§ PROBLEM TO SOLVE
All the lines below should appear again unchanged, though their pictures should not.
RECORDED DATA Block Start
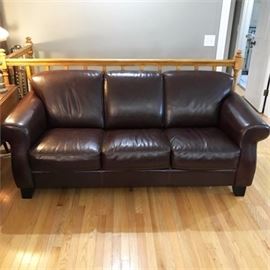 Contemporary Top Grain Leather Sofa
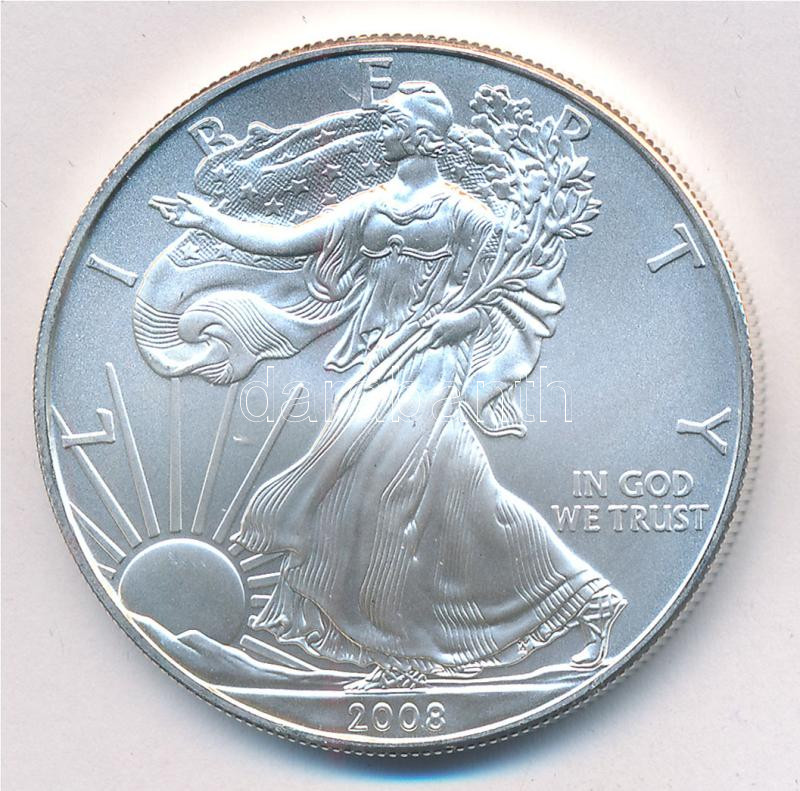 Amerikai Egyesült Államok 2008. 1$ Ag sérült kapszulában T:1 USA 2008. 1 Dollar Ag in damaged capsule C:UNC Krause KM#273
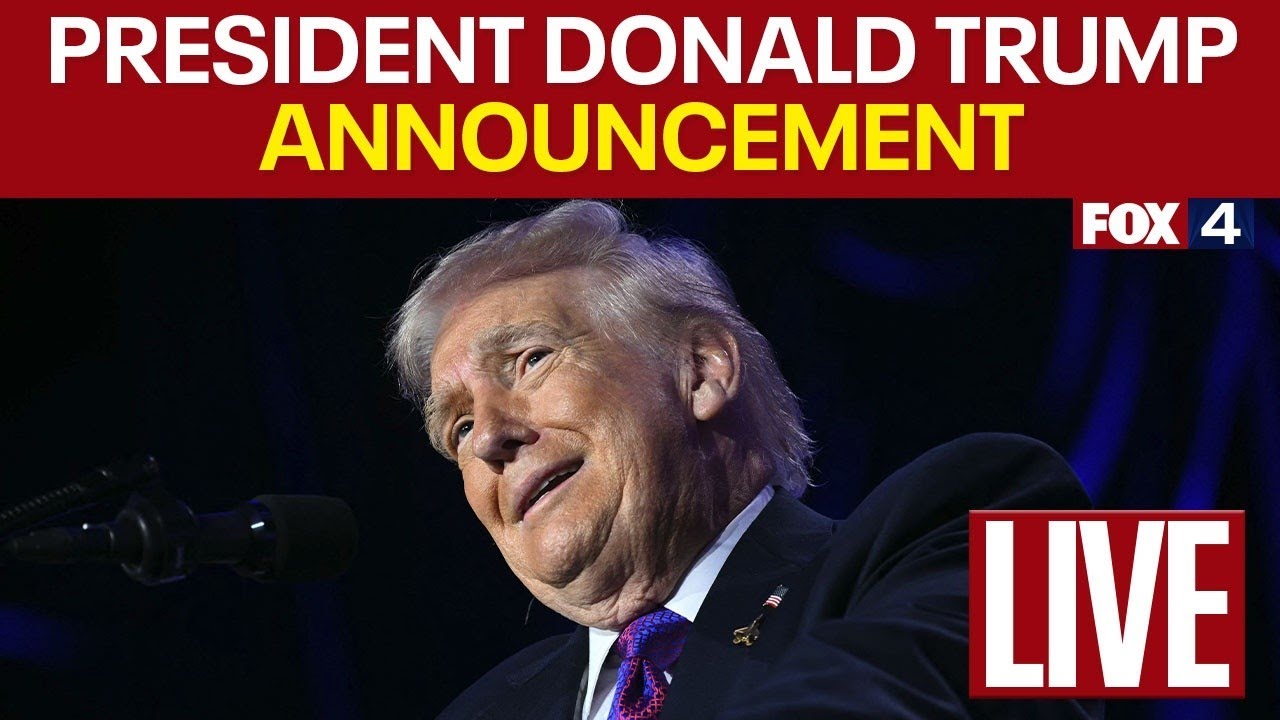 President Donald Trump Announcement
RECORDED DATA Block End
§ EXERCISE OUTPUT
 Contemporary Top Grain Leather Sofa
 Amerikai Egyesült Államok 2008. 1$ Ag sérült kapszulában T:1 USA 2008. 1 Dollar Ag in damaged capsule C:UNC Krause KM#273
 President Donald Trump Announcement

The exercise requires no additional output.